Towards Generalizable Deepfake Detection with Spatial-Frequency Collaborative Learning and Hierarchical Cross-Modal Fusion

Authors: Mengyu Qiao, Runze Tian, Yang Wang

Published: 2025-04-24 03:23:35+00:00

AI Summary

This paper presents a novel deepfake detection framework that integrates multi-scale spatial-frequency analysis for improved accuracy and generalizability. It achieves this by combining block-wise Discrete Cosine Transform (DCT) with convolutional neural networks and a hierarchical cross-modal fusion mechanism to effectively model spatial-frequency interactions.

Abstract

The rapid evolution of deep generative models poses a critical challenge to deepfake detection, as detectors trained on forgery-specific artifacts often suffer significant performance degradation when encountering unseen forgeries. While existing methods predominantly rely on spatial domain analysis, frequency domain operations are primarily limited to feature-level augmentation, leaving frequency-native artifacts and spatial-frequency interactions insufficiently exploited. To address this limitation, we propose a novel detection framework that integrates multi-scale spatial-frequency analysis for universal deepfake detection.

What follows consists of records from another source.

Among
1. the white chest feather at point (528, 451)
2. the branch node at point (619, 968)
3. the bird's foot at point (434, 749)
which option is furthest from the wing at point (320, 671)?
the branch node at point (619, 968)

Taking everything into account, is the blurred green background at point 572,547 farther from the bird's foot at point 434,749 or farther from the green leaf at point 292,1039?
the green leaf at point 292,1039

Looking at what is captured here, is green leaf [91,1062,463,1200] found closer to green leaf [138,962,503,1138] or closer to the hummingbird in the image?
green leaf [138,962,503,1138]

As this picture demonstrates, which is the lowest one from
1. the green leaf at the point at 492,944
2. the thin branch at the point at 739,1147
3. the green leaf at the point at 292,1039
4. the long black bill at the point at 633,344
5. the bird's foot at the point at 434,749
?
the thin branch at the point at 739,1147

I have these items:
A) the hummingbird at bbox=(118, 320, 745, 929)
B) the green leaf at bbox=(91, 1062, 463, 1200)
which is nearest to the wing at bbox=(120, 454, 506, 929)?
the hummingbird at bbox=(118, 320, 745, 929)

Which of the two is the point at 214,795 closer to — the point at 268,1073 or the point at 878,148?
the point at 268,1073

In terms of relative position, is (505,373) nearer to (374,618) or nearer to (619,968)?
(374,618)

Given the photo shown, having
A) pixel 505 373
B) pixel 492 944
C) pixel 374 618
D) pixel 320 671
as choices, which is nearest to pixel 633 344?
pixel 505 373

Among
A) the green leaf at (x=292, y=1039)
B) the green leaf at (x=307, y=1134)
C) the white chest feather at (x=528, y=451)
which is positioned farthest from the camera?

Our framework comprises three key components: (1) a local spectral feature extraction pipeline that combines block-wise discrete cosine transform with cascaded multi-scale convolutions to capture subtle spectral artifacts; (2) a global spectral feature extraction pipeline utilizing scale-invariant differential accumulation to identify holistic forgery distribution patterns; and (3) a multi-stage cross-modal fusion mechanism that incorporates shallow-layer attention enhancement and deep-layer dynamic modulation to model spatial-frequency interactions. Extensive evaluations on widely adopted benchmarks demonstrate that our method outperforms state-of-the-art deepfake detection methods in both accuracy and generalizability.


Key findings
The proposed method outperforms state-of-the-art deepfake detection methods in accuracy and generalizability across multiple datasets. Ablation studies confirm the contributions of each component of the framework. The method shows robustness to different compression levels and generalizes well across different deepfake datasets.
Approach
The proposed method uses a three-component framework: local spectral feature extraction (block-wise DCT with multi-scale convolutions), global spectral feature extraction (scale-invariant differential accumulation), and a multi-stage cross-modal fusion mechanism (shallow-layer attention enhancement and deep-layer dynamic modulation) to detect deepfakes.
Datasets
FaceForensics++ (FF++) (including HQ, LQ versions), Celeb-DF (v2), DFDC
Model(s)
EfficientNet-B4, custom convolutional neural networks within the spatial and frequency pipelines, a multi-head attention mechanism within the cross-modal fusion module
Author countries
China, USA